Entering the Dickerson Whitewater Course, located smack in the middle of a massive generating station on the Potomac River in Maryland, is a lot like getting into a posh country club. Paddlers must first show appropriate identification and membership cards and find their names on a pre-authorized list
supplied by the local paddling club. Then the security guard has to escort them through the premises, passing a series of flashing lights and sirens— not to mention the four massive stacks rising from the facility.
Checking in is a hassle but it’s worth it when you consider the local paddling center gets to access this Class IV whitewater course free of charge. Not a bad arrangement when you’re training Team USA and hosting national championships on a course that’s—get this—heated.
When sub-zero temperatures descend on Maryland and the Potomac River freezes over, athletes like canoe slalom Olympian Ashley Nee can check into the only heated whitewater course in the country. Access to the course has become more restricted in recent years because of NRG Energy’s increased security concerns. Currently about 100 members of the Potomac Whitewater Racing Center are on the access list for the course. Regular use of the course is limited to U.S. National Team members.
First, you should know there aren’t heating elements in the course. The generating station, currently run by NRG Energy, diverts Potomac River freshwater through their system to cool the machinery that powers more than 400,000 homes. The warmed outflow is then returned to the river. This arrangement has been in place since the course was built in 1991 in preparation for the Olympic Games in Spain. NRG Energy says they occasionally run the pumps for the paddlers even when the plant isn’t running, as a courtesy.
When Nee, a Maryland native, first started paddling the course at 14, there were just two steam-billowing stacks. She took one look at the boiling rapids and a daunting hole at the bottom of the course and declared with confidence there was no way she was getting in her boat. Six months later with newfound confidence she was back and hasn’t missed a year on the course since. She recalls a day last year when the temperature dropped to 17 degrees Fahrenheit and despite a comical ice build-up on her helmet she carried on her training as usual while her coach snapped pictures of her icy costume.
Nee, who is now on a first name basis with most of the security team, has learned to live her life by the sometimes unpredictable pumping schedule of the Dickerson course.

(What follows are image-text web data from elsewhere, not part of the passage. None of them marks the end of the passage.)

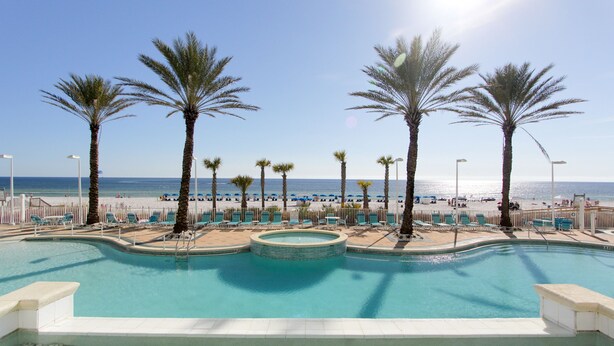 A pool area with palm trees, lounge chairs, and a view of the beach. - Beachfront Family Condo. Luxury Resort. Sleeps 4-6 (Panama City Beach)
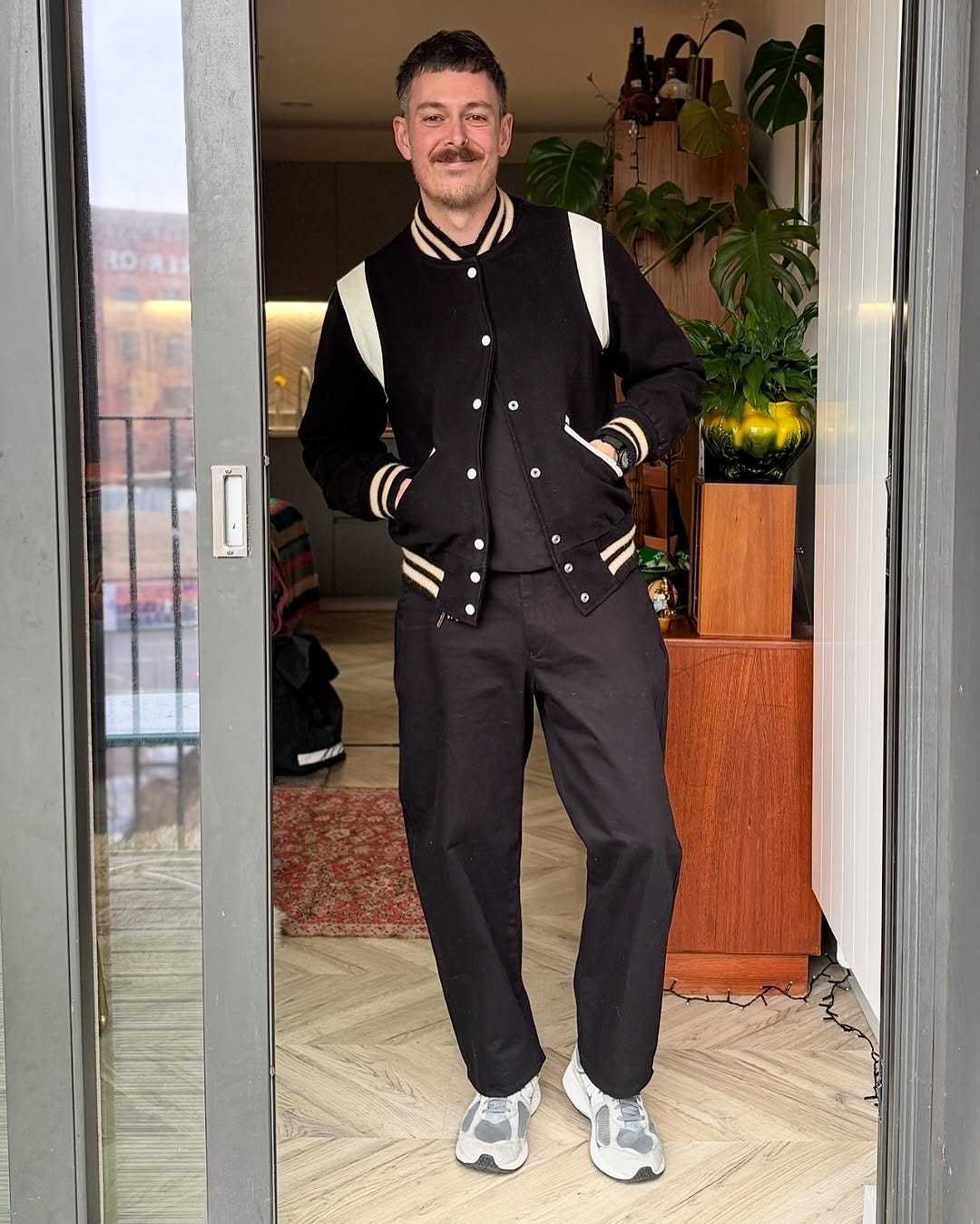 stylish man standing in a doorway with his hands in the pockets of a black letterman jacket over a black crewneck sweatshirt, with black trousers and New Balance 99ov6 sneakers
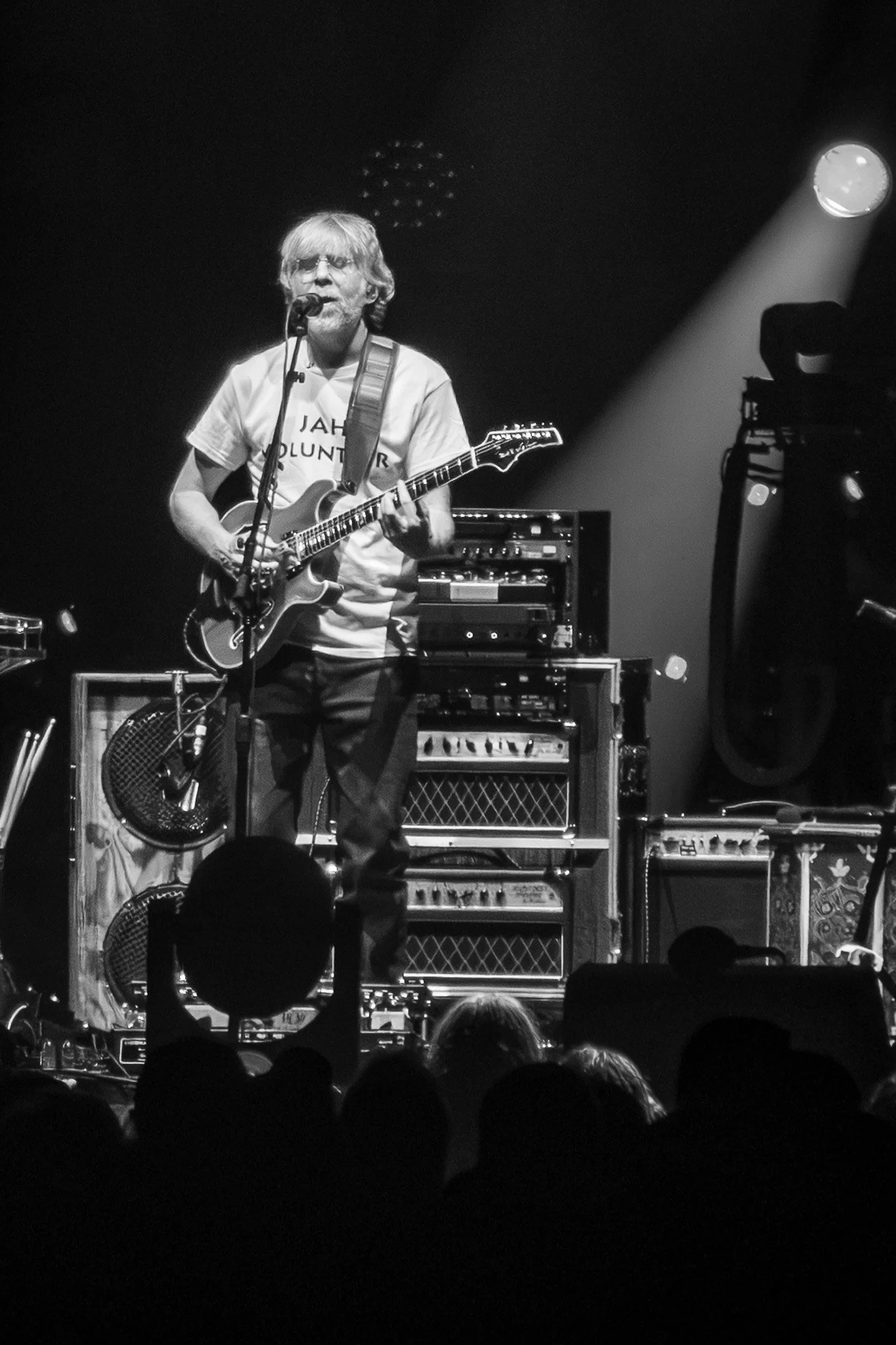 A black-and-white photo of a male musician singing into a microphone while playing an electric guitar during a live concert. The scene includes stage equipment, an amplifier, and the silhouette of an audience with some raised hands.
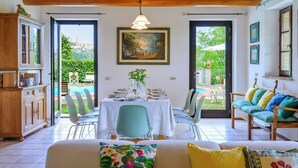 Ein Essbereich mit Tisch für vier Personen, einer Couch und Blick auf Pool und Grünflächen.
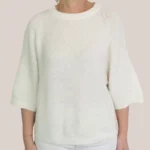 Pull qui tient chaud, coloris beige avec des manches 3/4, porte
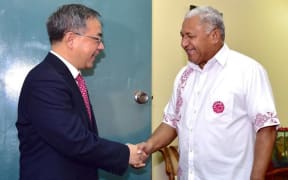 Fiji Prime Minister Frank Bainimarama receives Guangdong Provincial Party Secretary, Mr Hu Chunhua, in Suva in June 2015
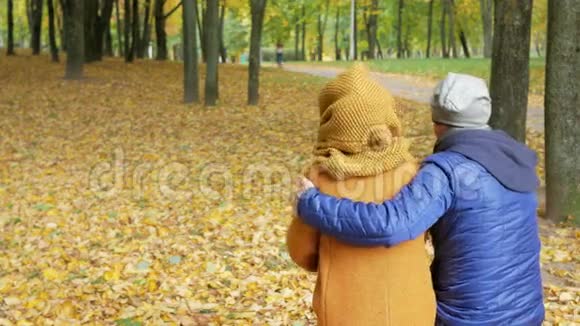 父亲和女儿在秋天的公园里休息爸爸和孩子微笑着看着美丽的风景视频的预览图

Her training begins when she gets an email that says, ‘Dickerson is confirmed.’ This means the plant is generating and soon water will be pumping through the course at nearly 660 cfs, creating dynamic eddies, drops and hydraulics as the frothy gush passes over underwater concrete gumdrops and squeezes between the wing dams.
The 900-foot-long concrete chute, complete with hanging gates is uniquely designed to simulate competitive canoe slalom, perfect for training athletes, while coaches and onlookers can follow along the course on the grass from one of the protruding water level platforms.
The course only ever let down once. It was at the 2004 National Championships and Adam Van Grack, chair of USA Canoe/Kayak and long-time Dickerson paddler, remembers that day well. Due to a passing storm the Potomac River had risen to twice its normal height, flattening the whitewater features, leaving the rapids Class I at best.
“At that point all the racers had already shown up that morning,” says Van Grack with a laugh. “So the head of the U.S. National Team adjusted all the gates and we had the canoe slalom Whitewater National Championships on what is essentially flatwater.”
That day aside, the Dickerson Whitewater Course has stood the test of time. Since it was built, every whitewater slalom athlete that has represented the U.S. in the World Championships or Olympic Games has trained and competed on the course.